One of the studies was conducted in male health care professionals in the USA. Those with vitamin D levels in the deficient range compared to those in the sufficient range had a 200% increase in risk of myocardial infarction. (87)
A similar prospective study was conducted in Germany. In this study patients who were already cardiac patients and who were being admitted for cardiac catheterization studies had their vitamin D levels measured and were then followed up for an average of 7.7 years. Again those patients with vitamin D levels in the lowest quartile compared to those in the highest quartile had over a 200% increase in their risk of death. (88)
An excellent review of all the data on cardiovascular effects of vitamin D deficiency was presented by Dr James O’Keefe MD in the Journal of the American College of Cardiology in late 2008.(89) The article is not available unless you subscribe to the journal but copies can be obtained direct from the author at the following email address: Dr. James O'keefe firstname.lastname@example.org]
Some will still argue that a cause and effect relationship between vitamin D and cardiovascular death has not been established as prospective placebo controlled trials have not been conducted. While this is true, when a correlation holds true in multiple populations around the world and a dose response can be demonstrated i.e. the lower the level of vitamin D the greater the risk, the chances that the correlation will not hold up is remote.

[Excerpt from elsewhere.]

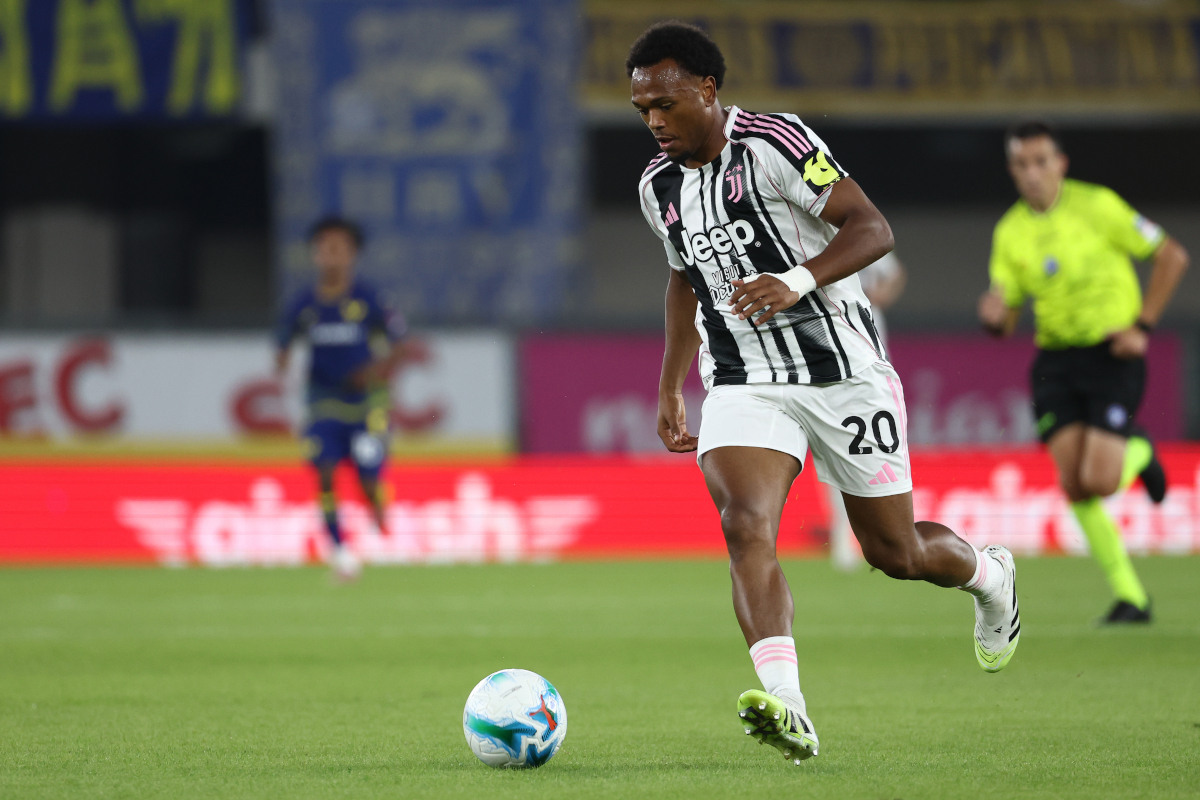 VERONA, ITALY - SEPTEMBER 20: Lois Openda of Juventus FC in action during the Serie A match between Hellas Verona FC and Juventus FC at Stadio Marcantonio Bentegodi on September 20, 2025 in Verona, Italy. (Photo by Francesco Scaccianoce/Getty Images)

Such concerns about establishing a cause and effect relationship are justified when one is considering treating a patient with a drug as all drugs have side effects and it is not ethical or desirable to subject patients to side effects if there is no proven effect.
However in the case of vitamin D we are talking about a deficiency disease. There is no down side to having an optimal level of vitamin D as nature intended us to have.
As Dr O’Keefe correctly mentions in the summary of his paper “Large randomized controlled trials are needed to firmly establish the relevance of vitamin D status to cardiovascular health. In the meanwhile, monitoring serum 25- hydroxyvitamin D levels and correction of vitamin D deficiency is indicated for optimization of musculoskeletal and general health”.